Unlike most of New York’s private schools, these newcomers are all for-profit businesses.
Matt Greenfield, a managing partner of ReThink Education, a venture capital firm focused on education technology, said that this group of new schools seemed to reflect a mix of passion projects, started by parents frustrated with the available options who want to create their dream school, and cold-eyed business ventures.
“Schools are not an inherently bad business,” he said. “New York has a scarily high real estate cost, and other costs are high, too,” but the tuition a school can charge in New York is high, as well, he said. “So I think those are not implausible businesses.”

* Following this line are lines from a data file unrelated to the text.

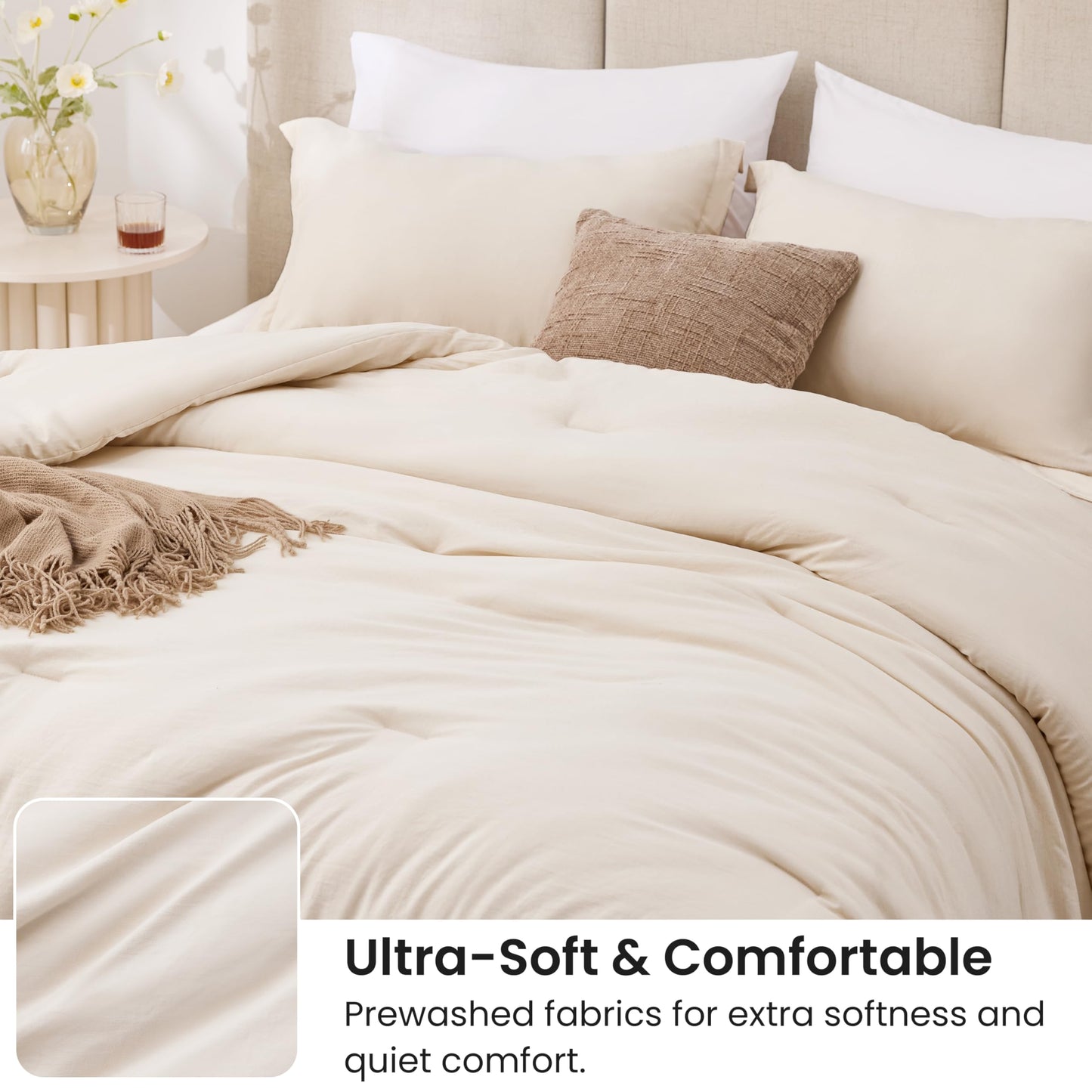 Love's cabin Beige Twin/Twin XL Comforter Set, 2-Piece Prewashed Bed Set with 1 Comforter (66 x 90 in) & 1 Pillowcase, Lightweight & Breathable for All Seasons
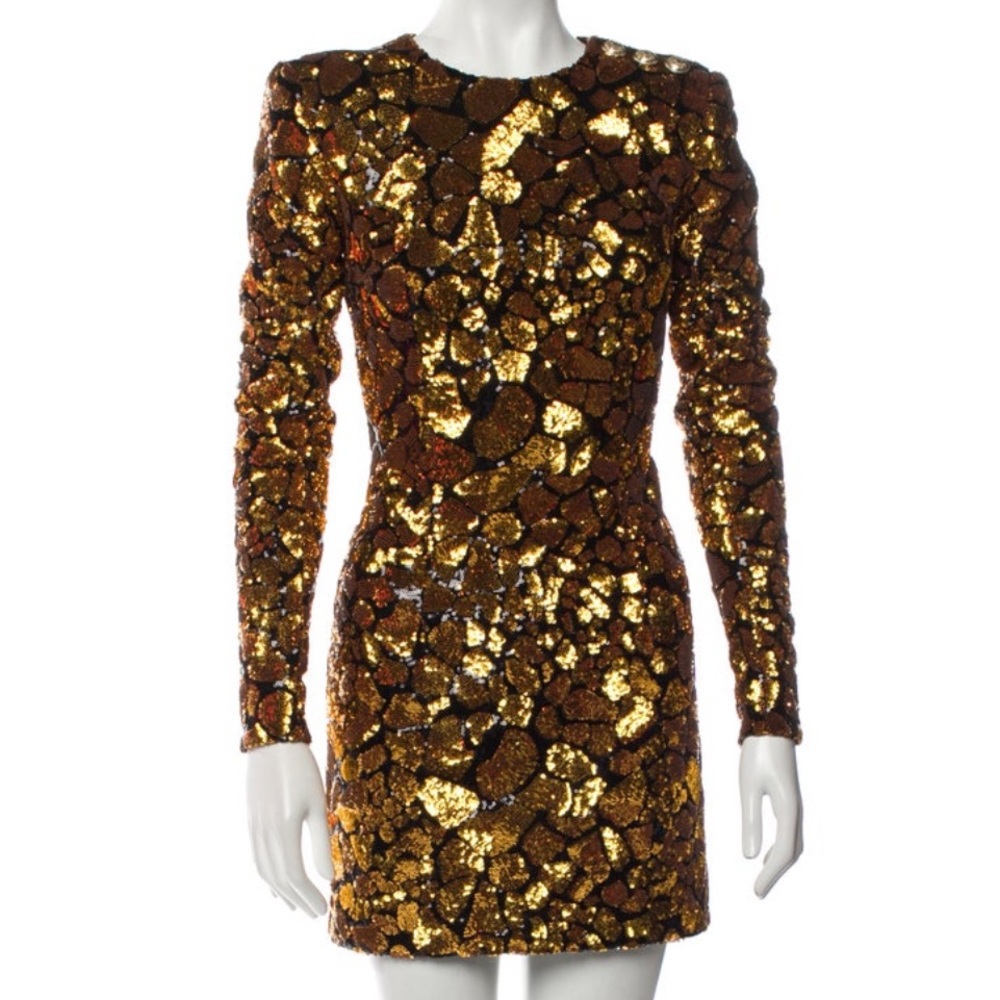 Balmain Gold Sequin Long Sleeve Dress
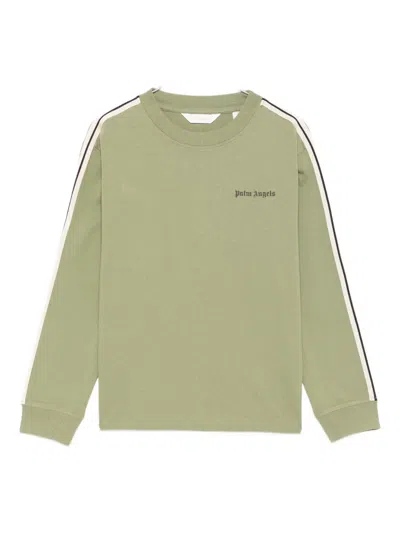 Palm Angels Kids' Stripe-detail Long-sleeve T-shirt In Green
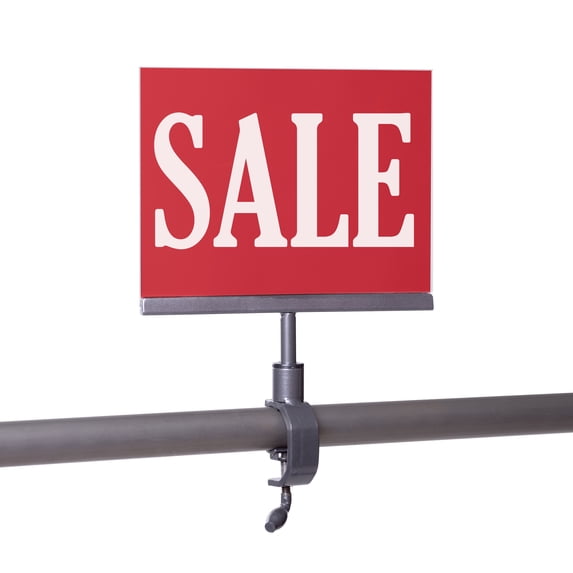 White Universal Clamp On 5.5" x 7" Acrylic Frame Sign Holder, Retail Rack Card Display, 10" H, 10 Pack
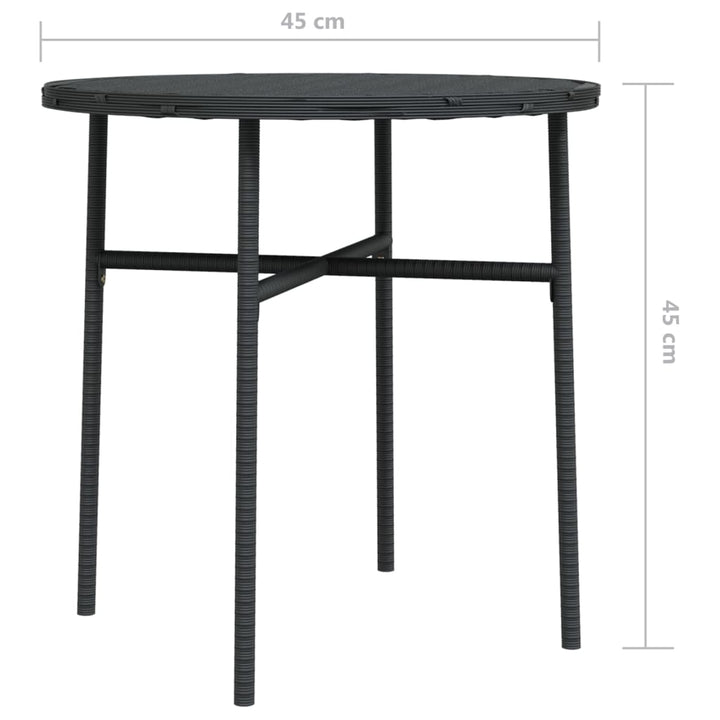 tebord 45 cm polyrattan sort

Not everyone is convinced of the value or long-term viability of the new for-profits:
Some observers are skeptical of the new crop of schools. Amanda Uhry, the founder and owner of Manhattan Private School Advisors, which helps families with the admissions process, said she discourages parents from applying to for-profit schools, because she doesn’t have confidence in the long-term stability of those schools.
“There are people who these schools obviously attract and obviously go there,” she said, but only because they don’t get into the more prestigious nonprofit schools. In her experience, she added, many families “would rather go to public school than go to a privately owned new school that has no history.”
As long as parents don’t expect the state or the federal government to pay for their tuition with vouchers, the choice is theirs to make.

“Since August, 12 parents spoke with Business Insider on the condition of anonymity, some because they worried that speaking out against AltSchool could hurt their children’s chances of being enrolled elsewhere.”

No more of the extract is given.